▶ Dataset records
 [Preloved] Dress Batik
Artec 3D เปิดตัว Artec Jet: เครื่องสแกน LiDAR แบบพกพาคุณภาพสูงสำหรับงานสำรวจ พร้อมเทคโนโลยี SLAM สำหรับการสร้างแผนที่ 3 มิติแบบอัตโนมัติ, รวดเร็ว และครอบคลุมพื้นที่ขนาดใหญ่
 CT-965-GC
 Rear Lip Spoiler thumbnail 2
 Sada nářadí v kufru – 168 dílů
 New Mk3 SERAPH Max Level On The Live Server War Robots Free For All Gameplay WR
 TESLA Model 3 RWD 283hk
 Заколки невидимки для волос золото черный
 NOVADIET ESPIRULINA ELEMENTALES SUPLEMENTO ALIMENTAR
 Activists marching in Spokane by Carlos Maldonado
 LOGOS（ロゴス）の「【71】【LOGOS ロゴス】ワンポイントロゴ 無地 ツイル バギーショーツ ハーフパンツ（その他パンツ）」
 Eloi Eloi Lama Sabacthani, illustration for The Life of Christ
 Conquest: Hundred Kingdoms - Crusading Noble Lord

▶ The task
Each line of the data above must be restated word for word.

▶ Written solution
 [Preloved] Dress Batik
Artec 3D เปิดตัว Artec Jet: เครื่องสแกน LiDAR แบบพกพาคุณภาพสูงสำหรับงานสำรวจ พร้อมเทคโนโลยี SLAM สำหรับการสร้างแผนที่ 3 มิติแบบอัตโนมัติ, รวดเร็ว และครอบคลุมพื้นที่ขนาดใหญ่
 CT-965-GC
 Rear Lip Spoiler thumbnail 2
 Sada nářadí v kufru – 168 dílů
 New Mk3 SERAPH Max Level On The Live Server War Robots Free For All Gameplay WR
 TESLA Model 3 RWD 283hk
 Заколки невидимки для волос золото черный
 NOVADIET ESPIRULINA ELEMENTALES SUPLEMENTO ALIMENTAR
 Activists marching in Spokane by Carlos Maldonado
 LOGOS（ロゴス）の「【71】【LOGOS ロゴス】ワンポイントロゴ 無地 ツイル バギーショーツ ハーフパンツ（その他パンツ）」
 Eloi Eloi Lama Sabacthani, illustration for The Life of Christ
 Conquest: Hundred Kingdoms - Crusading Noble Lord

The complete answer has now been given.